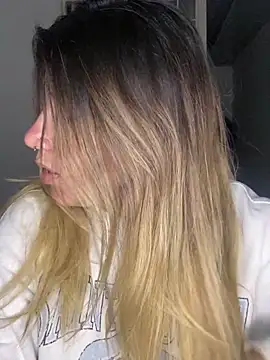 Blair Bunnyy online show from 04/14/26, 10:09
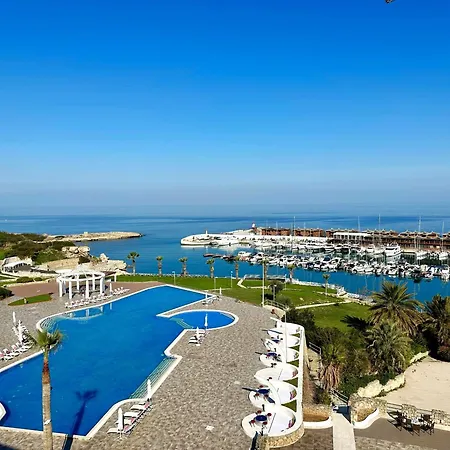 Otel Jasmine Court & In Kyrenia Agios Nikolaos (Famagusta)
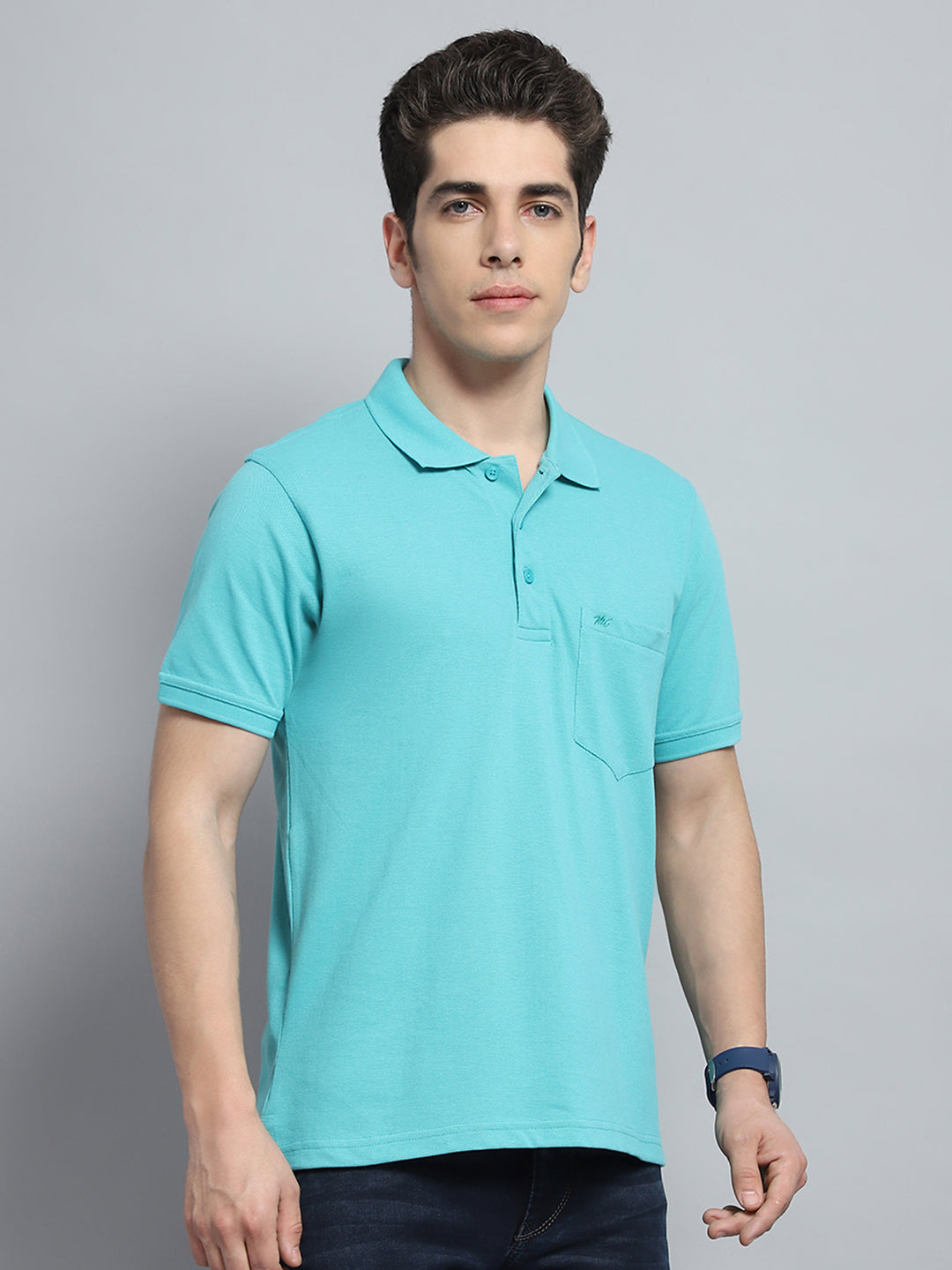 Men Green Solid Collar Half Sleeve T-Shirt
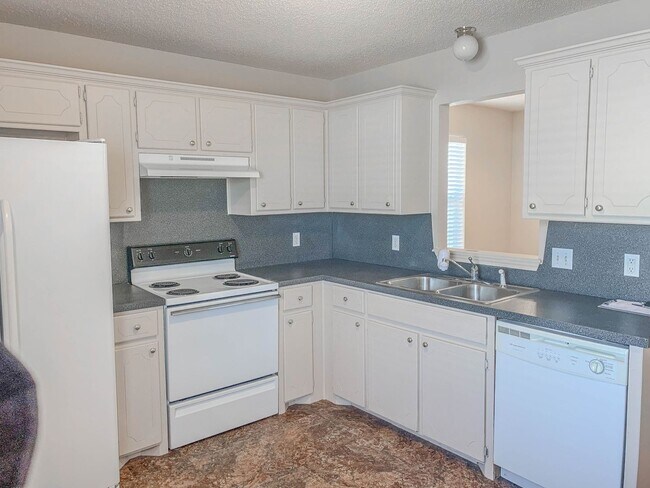 Building Photo - Retro Charm in Every Detail 3Bed/2Bath!
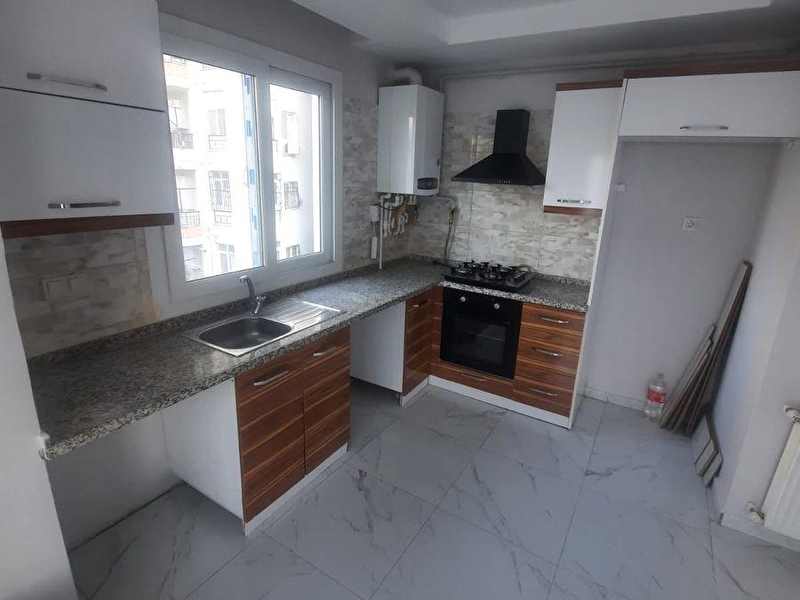 Beyazevlerde geni̇ş oturumlu masrafsiz dubleks 2+1 satilik dai̇re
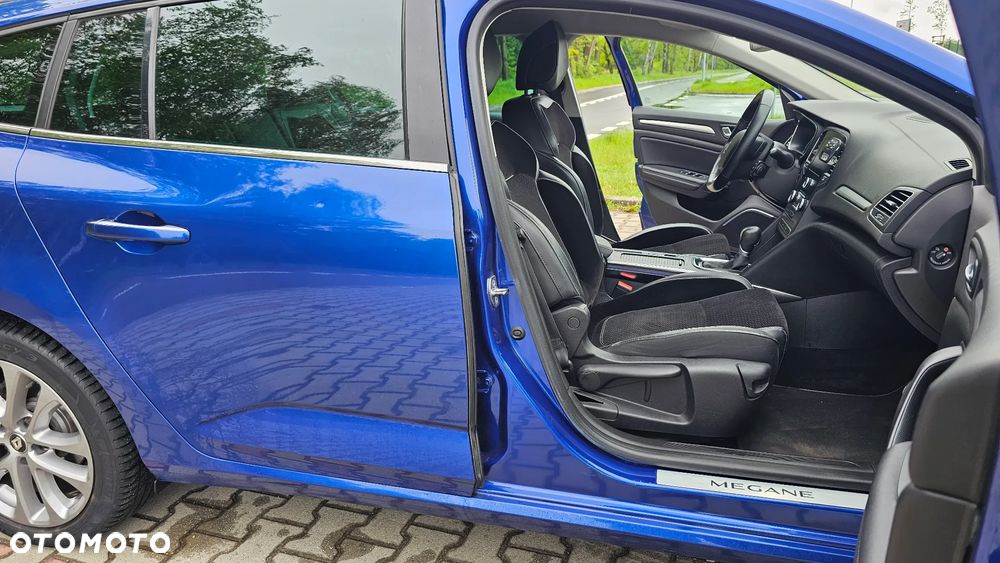 Renault Megane 1.3 TCe FAP GT Line EDC - 11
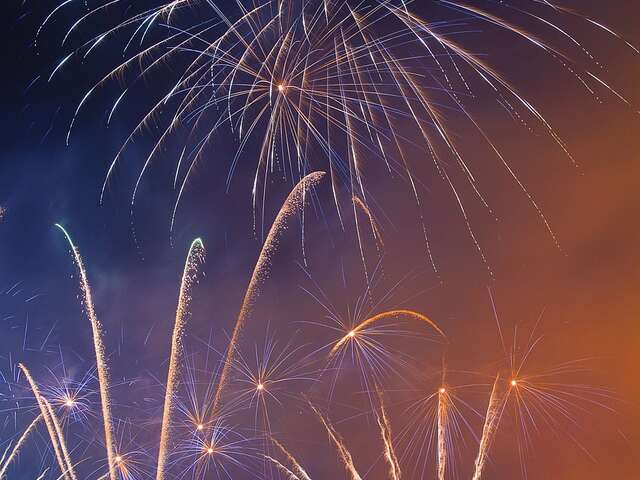 Retraite aux flambeaux et feu d'artifice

§ EXERCISE
Omit the pictures and reproduce the records above exactly.

§ EXERCISE OUTPUT
 Blair Bunnyy online show from 04/14/26, 10:09
 Otel Jasmine Court & In Kyrenia Agios Nikolaos (Famagusta)
 Men Green Solid Collar Half Sleeve T-Shirt
 Building Photo - Retro Charm in Every Detail 3Bed/2Bath!
 Beyazevlerde geni̇ş oturumlu masrafsiz dubleks 2+1 satilik dai̇re
 Renault Megane 1.3 TCe FAP GT Line EDC - 11
 Retraite aux flambeaux et feu d'artifice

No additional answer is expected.